My problem feels quite trivial compared to some you get, but here goes. Recently, my husband of 20 years embarrassed me terribly and I don’t think I can forgive him – we are avoiding each other at home and still not talking.
We were out at the pub with some friends and he was a bit drunk. He ended up telling everyone that I’d just turned 50, adding that I had a real problem with my age, so hadn’t told anyone and didn’t want a party.
The whole thing felt really awkward, not just because of what he said and because my friends seemed embarrassed and didn’t know what to say, but because I’m the kind of person who hates the attention being on me. I went bright red and just blundered my way through it.
It’s true, I didn’t want anyone to know because I haven’t really got my head round the fact I’ve turned 50 myself! And I certainly didn’t want a fuss or a big party.
I know my husband thinks I’m overreacting and punishing him for something that isn’t that important in the grand scheme of things.
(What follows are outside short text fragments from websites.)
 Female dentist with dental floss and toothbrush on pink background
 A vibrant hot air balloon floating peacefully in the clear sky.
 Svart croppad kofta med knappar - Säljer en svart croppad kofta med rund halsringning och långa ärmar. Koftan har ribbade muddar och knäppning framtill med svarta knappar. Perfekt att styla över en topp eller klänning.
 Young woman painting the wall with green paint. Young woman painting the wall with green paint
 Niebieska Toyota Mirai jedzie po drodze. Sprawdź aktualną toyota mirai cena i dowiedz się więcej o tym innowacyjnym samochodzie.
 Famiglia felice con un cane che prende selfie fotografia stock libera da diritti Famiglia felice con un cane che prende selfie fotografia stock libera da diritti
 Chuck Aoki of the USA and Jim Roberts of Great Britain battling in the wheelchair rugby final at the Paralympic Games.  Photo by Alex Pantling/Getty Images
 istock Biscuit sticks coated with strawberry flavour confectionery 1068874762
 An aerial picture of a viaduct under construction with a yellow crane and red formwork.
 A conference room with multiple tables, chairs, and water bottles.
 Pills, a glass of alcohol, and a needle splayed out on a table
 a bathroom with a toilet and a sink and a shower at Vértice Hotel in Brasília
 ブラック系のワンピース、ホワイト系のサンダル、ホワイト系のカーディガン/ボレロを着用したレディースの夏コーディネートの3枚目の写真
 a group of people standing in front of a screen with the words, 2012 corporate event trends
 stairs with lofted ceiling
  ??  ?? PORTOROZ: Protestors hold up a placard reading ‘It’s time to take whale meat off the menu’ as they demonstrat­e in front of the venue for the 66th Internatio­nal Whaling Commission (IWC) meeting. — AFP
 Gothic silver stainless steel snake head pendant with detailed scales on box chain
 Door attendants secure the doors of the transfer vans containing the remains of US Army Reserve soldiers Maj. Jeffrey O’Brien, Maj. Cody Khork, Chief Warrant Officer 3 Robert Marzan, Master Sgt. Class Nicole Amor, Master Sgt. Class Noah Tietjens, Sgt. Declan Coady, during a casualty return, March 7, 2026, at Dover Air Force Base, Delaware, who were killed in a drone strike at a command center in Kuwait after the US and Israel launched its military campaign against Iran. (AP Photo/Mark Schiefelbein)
However, it doesn’t get away from the fact that I feel he was disloyal and cruel.
Why would he do something like that when he knows how I feel?
What do you think?
It is disloyal because he was well aware of how you felt. But, at the same time, he maybe doesn’t understand and perhaps felt that if he got it out there, then all your friends would be really positive about this big birthday and would help you to feel OK about it. I don’t think he said it necessarily to be cruel, even though that’s how it feels to you.
Maybe it is a good thing it’s out there now if it’s something that was weighing you down and you felt you had to keep secret.
I do get where you’re coming from. I hated turning 50 (even though I had a big party, which was wonderful), but when you’re 70, you’ll wonder why on earth you were bothered about it because 50 is still pretty young!
Ageing is a difficult process for lots of us – you find yourself reassessing everything from your health to your job and your relationships.
So rather than ignore these feelings, talk to your husband about them because he simply might not get it. Perhaps just the two of you can celebrate with a special weekend away or a trip abroad to somewhere you’ve always wanted to visit.
And enjoy being 50 and the fact you have your health, your family and lots of good friends.